Personal information
- Born: June 21, 1964 (age 61) Corvallis, Oregon, U.S.
- Listed height: 5 ft 11 in (1.80 m)
- Listed weight: 207 lb (94 kg)

Career information
- High school: Corvallis
- College: Boise State
- NFL draft: 1986: 6th round, 184th overall pick

Career history
- New York Giants (1986)*; New England Patriots (1987)*; Los Angeles Rams (1987);
- * Offseason and/or practice squad member only

Career NFL statistics
- Rushing yards: 138
- Rushing average: 3.9
- Receptions: 8
- Receiving yards: 38
- Receiving touchdowns: 2
- Stats at Pro Football Reference

= Jon Francis =

American football player (born 1964)

Jon Charles Naekauna Francis (born June 21, 1964) is an American former professional football player. He is the son of former Green Bay Packer Joe Francis, and half-brother of Detroit Lions 2007 second-round draft pick Ikaika Alama-Francis.

==Early life and college==
Francis attended Corvallis High School in Corvallis, Oregon and starred in football. Francis played strong safety and tailback for the Spartans. His senior year rushing total of 1702 yards in 1981 was the school record until 2004.

Francis played his freshman season at Colorado State University. His sophomore season, he played defensive back at Taft College. Francis transferred to Boise State to finish out his college career. In those two seasons at Boise State, Francis ran for a combined 2,172 yards. Both seasons earned him a spot as a First Team Big Sky Conference All-Star.

==Professional career==
Francis was drafted in the seventh round of the 1986 NFL draft by the New York Giants. Francis injured his ankle in a pre-season practice. The injury heavily limited his ability to show his talent, and he was subsequently cut by the team in August 1986.
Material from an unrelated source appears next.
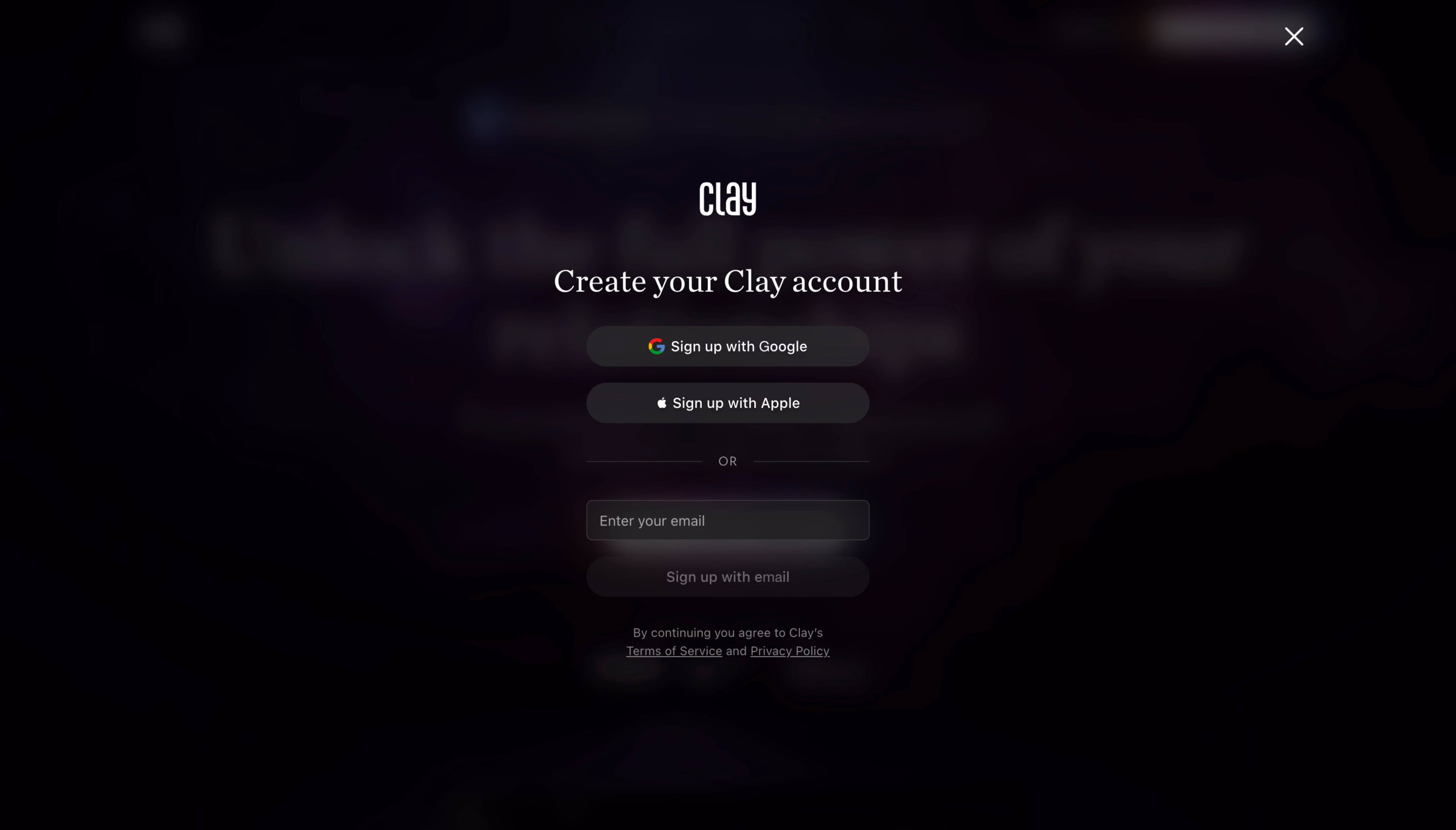 Clay Signup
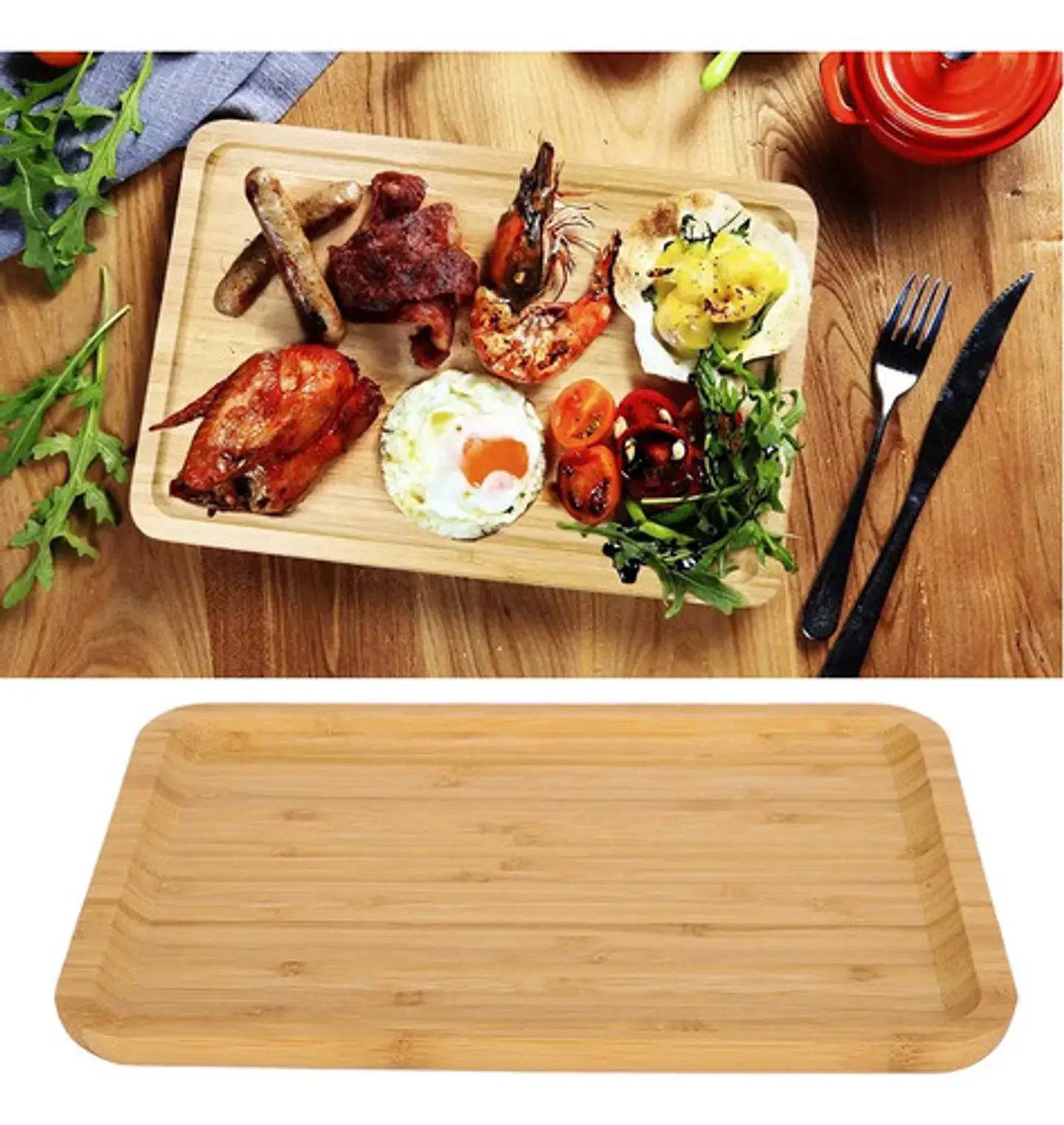 Bandeja De Bambú Segura Elegante Rectangular Para Servir Color Beige 2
Francis signed with the New England Patriots in 1987, but was unable to make the team's roster and was cut in the pre-season.

After the completion of week 2 of the 1987 season, the NFLPA chose to go on strike. Francis signed with the Los Angeles Rams as a replacement player during the four-game strike. As a replacement, he saw his first live game carries. When the strike ended, Francis was the only replacement player to remain on the team. Jon played in 9 games and had 35 carries for 138 yards and 8 receptions for 38 yards and 2 touchdowns. Francis was brought back to camp by the Rams in 1988, but was cut near the end of August before the season began.